### EXERCISE INSTRUCTIONS
All that is wanted is the exact lines from the first line of the data below through the line with "Disney Cartoon 3D", both ends included, with pictures omitted.

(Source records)
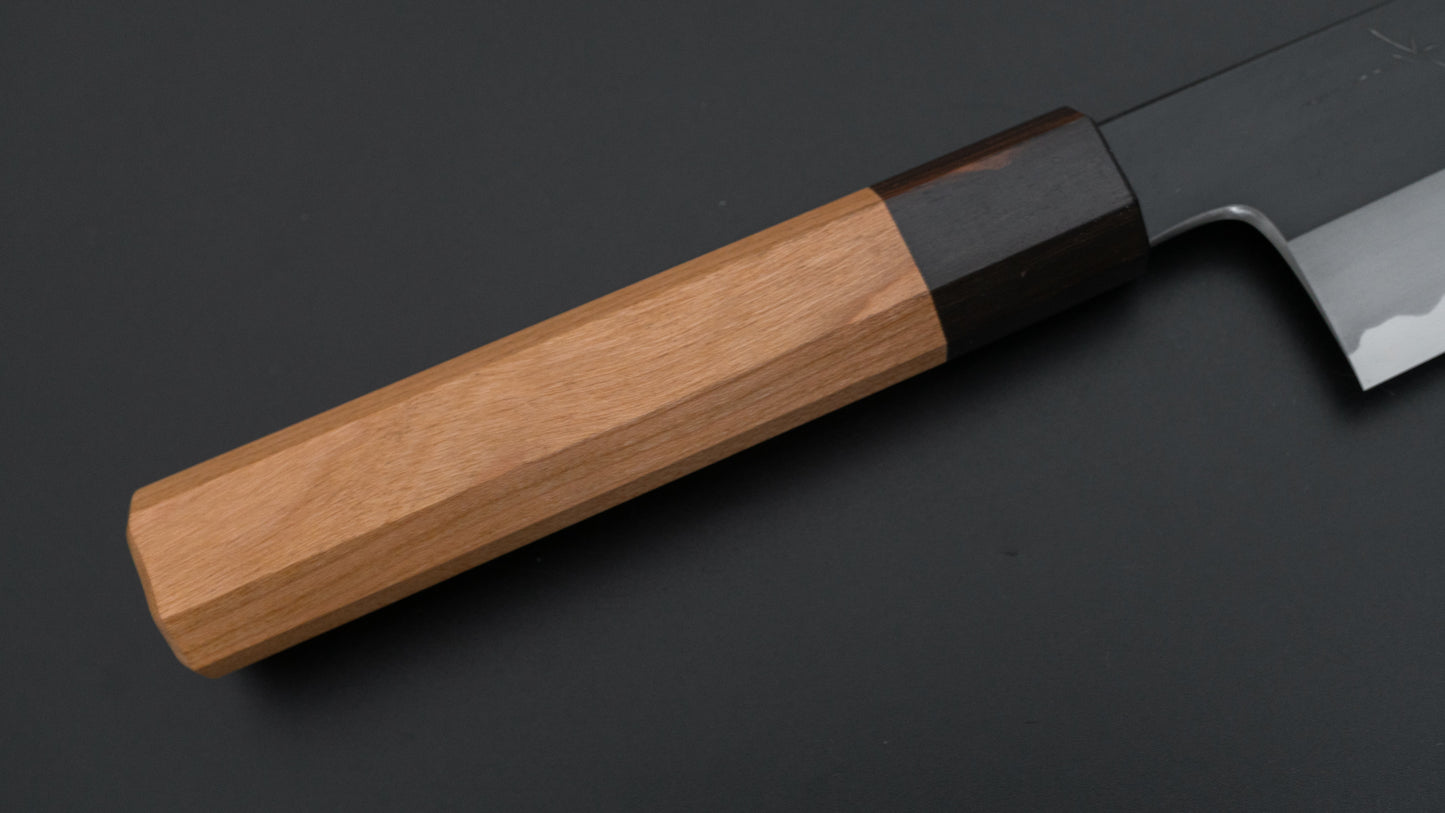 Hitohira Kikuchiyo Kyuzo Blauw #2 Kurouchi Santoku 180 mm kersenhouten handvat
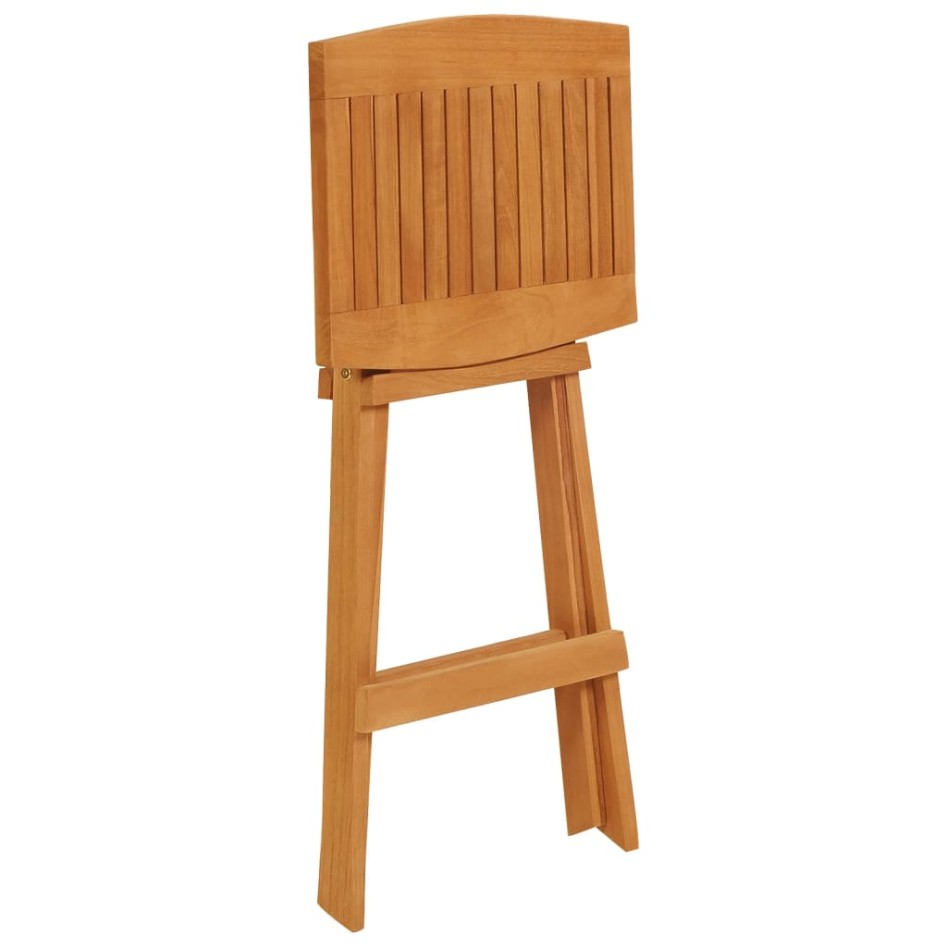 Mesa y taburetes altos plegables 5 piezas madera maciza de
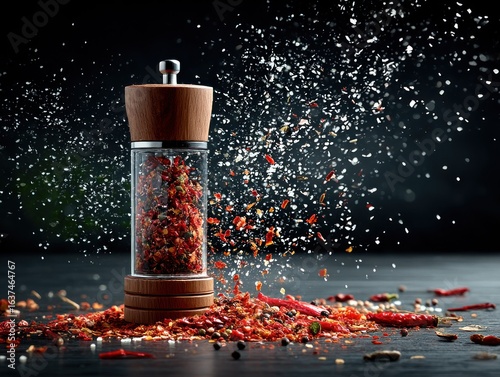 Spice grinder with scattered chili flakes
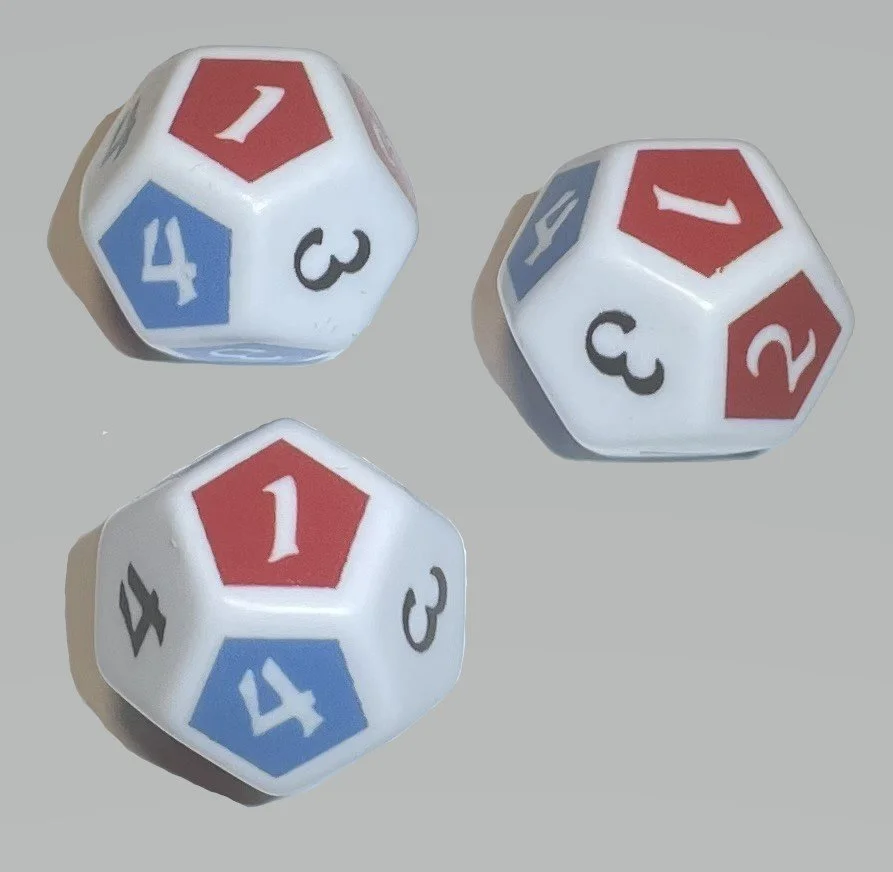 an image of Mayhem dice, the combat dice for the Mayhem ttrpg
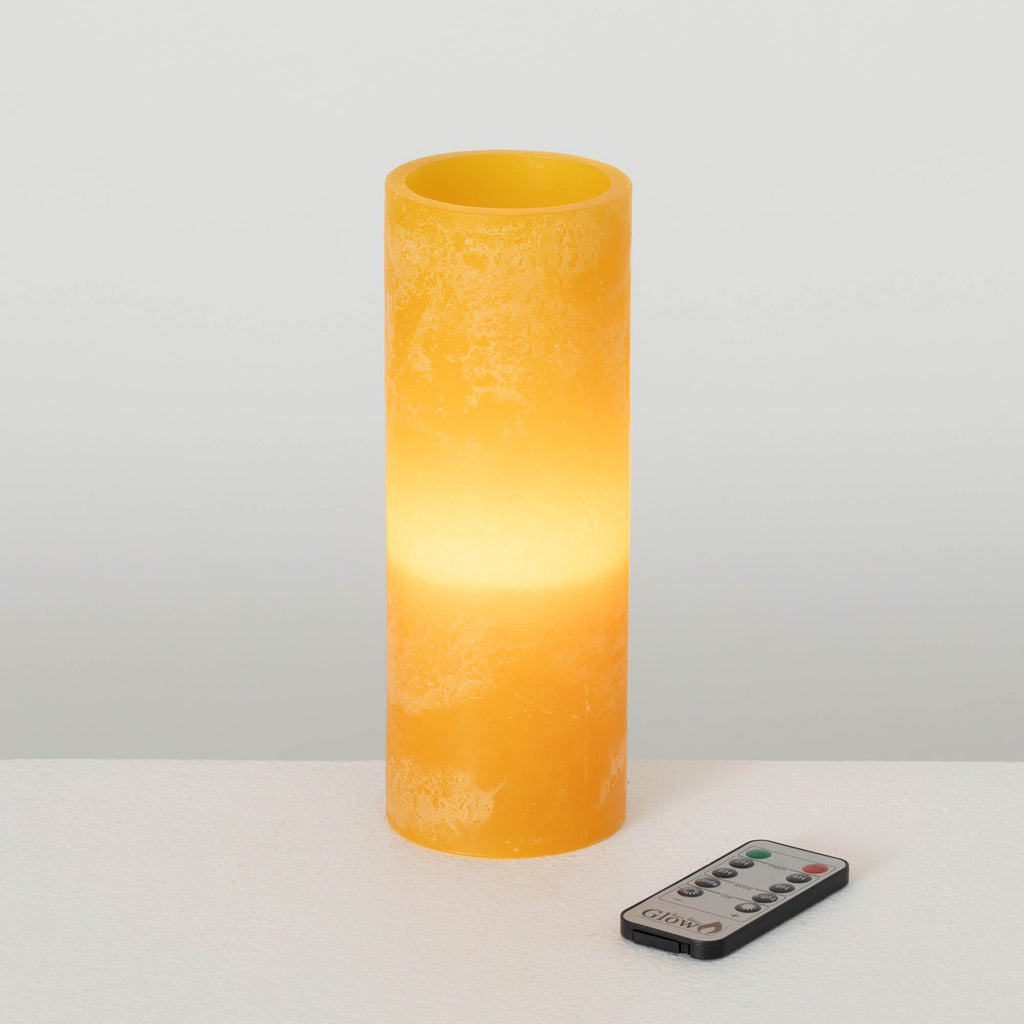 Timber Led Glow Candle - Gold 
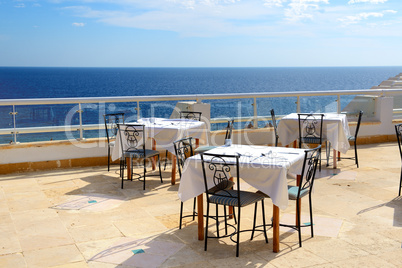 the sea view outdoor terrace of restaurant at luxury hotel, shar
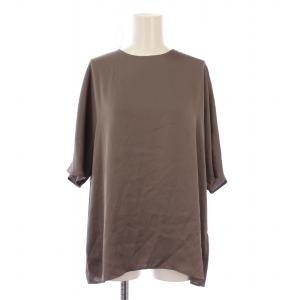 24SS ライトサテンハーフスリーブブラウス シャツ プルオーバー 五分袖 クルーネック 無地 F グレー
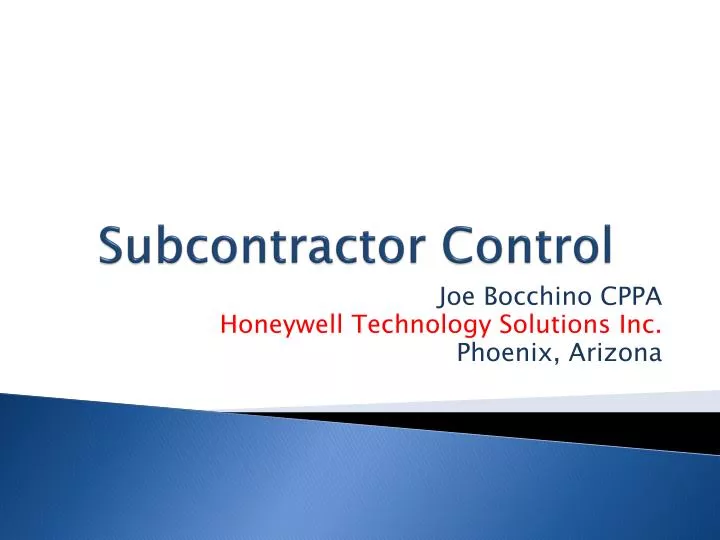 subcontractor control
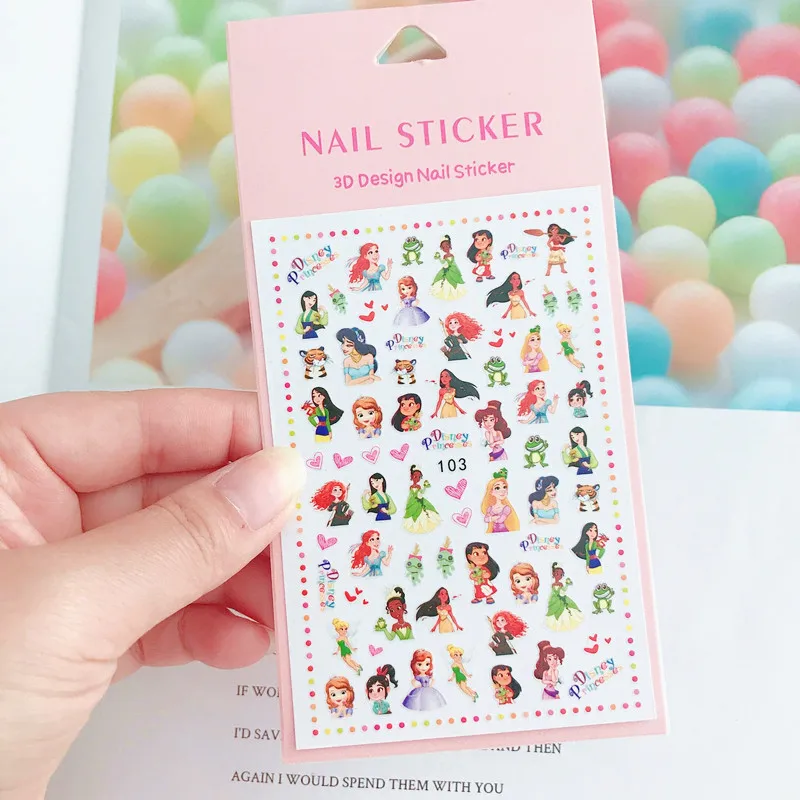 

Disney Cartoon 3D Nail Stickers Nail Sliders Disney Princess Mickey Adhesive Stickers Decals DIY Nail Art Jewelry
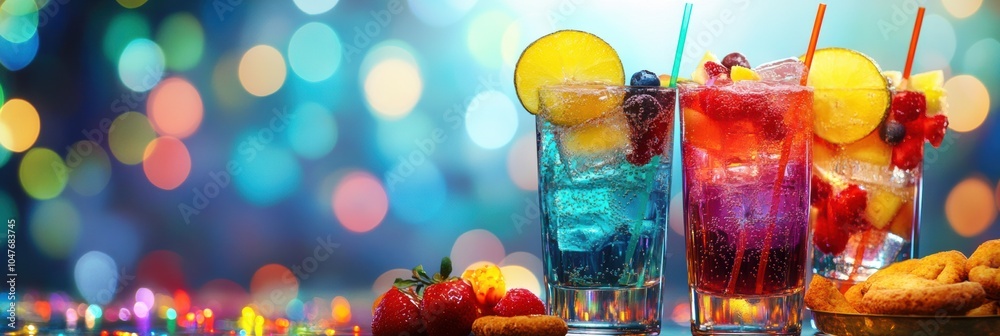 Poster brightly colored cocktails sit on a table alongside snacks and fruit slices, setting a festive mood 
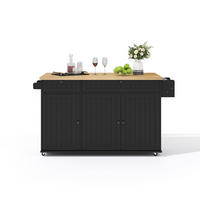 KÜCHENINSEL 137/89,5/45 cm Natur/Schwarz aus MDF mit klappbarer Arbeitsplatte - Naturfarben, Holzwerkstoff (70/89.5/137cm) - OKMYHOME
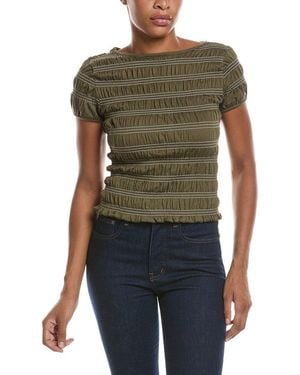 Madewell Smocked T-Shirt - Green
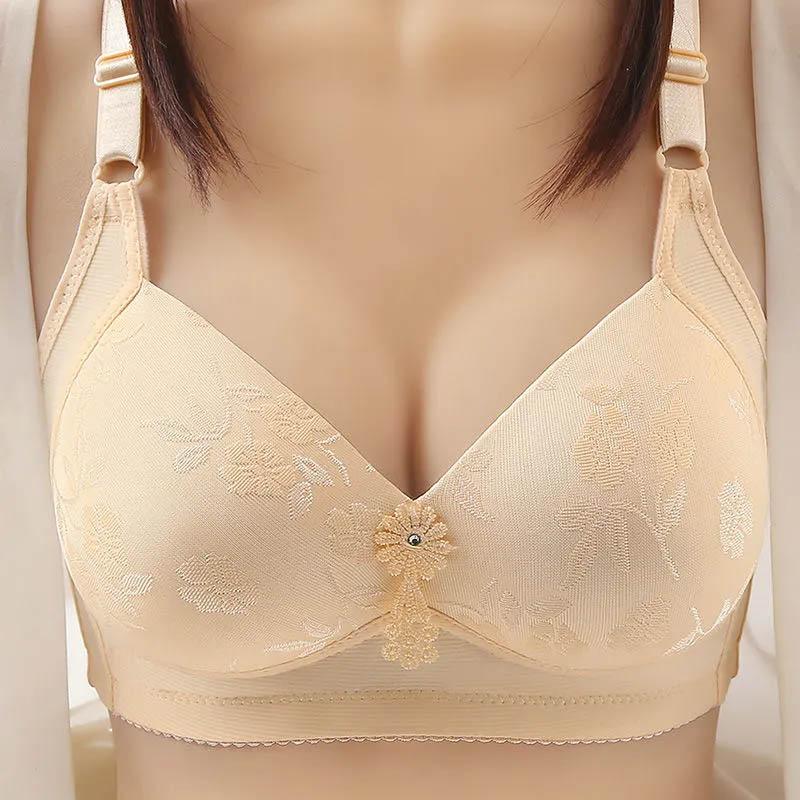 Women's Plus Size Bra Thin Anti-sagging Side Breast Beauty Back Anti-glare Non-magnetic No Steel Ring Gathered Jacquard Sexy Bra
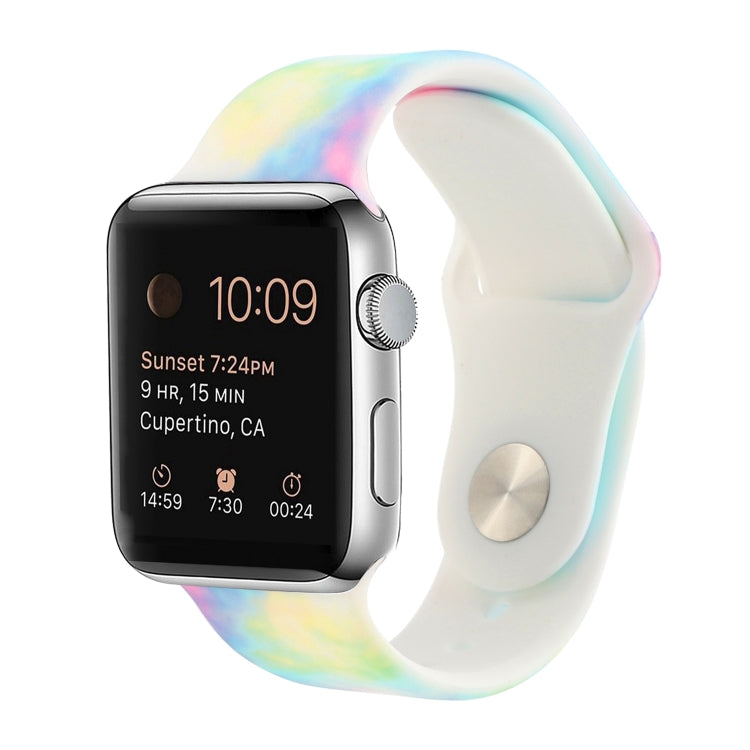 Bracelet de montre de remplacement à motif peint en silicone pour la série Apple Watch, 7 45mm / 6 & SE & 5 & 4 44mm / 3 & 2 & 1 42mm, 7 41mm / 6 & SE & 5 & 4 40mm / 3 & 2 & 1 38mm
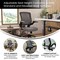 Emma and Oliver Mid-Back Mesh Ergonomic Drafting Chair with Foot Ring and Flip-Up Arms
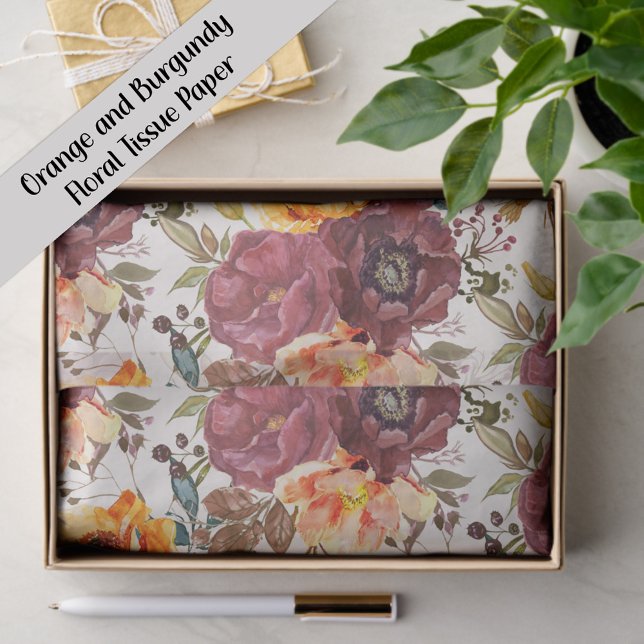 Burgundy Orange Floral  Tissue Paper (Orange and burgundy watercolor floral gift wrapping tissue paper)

### ANSWER SPACE
 Hitohira Kikuchiyo Kyuzo Blauw #2 Kurouchi Santoku 180 mm kersenhouten handvat
 Mesa y taburetes altos plegables 5 piezas madera maciza de
 Spice grinder with scattered chili flakes
 an image of Mayhem dice, the combat dice for the Mayhem ttrpg
 Timber Led Glow Candle - Gold 
 the sea view outdoor terrace of restaurant at luxury hotel, shar
 24SS ライトサテンハーフスリーブブラウス シャツ プルオーバー 五分袖 クルーネック 無地 F グレー
 subcontractor control

Disney Cartoon 3D Nail Stickers Nail Sliders Disney Princess Mickey Adhesive Stickers Decals DIY Nail Art Jewelry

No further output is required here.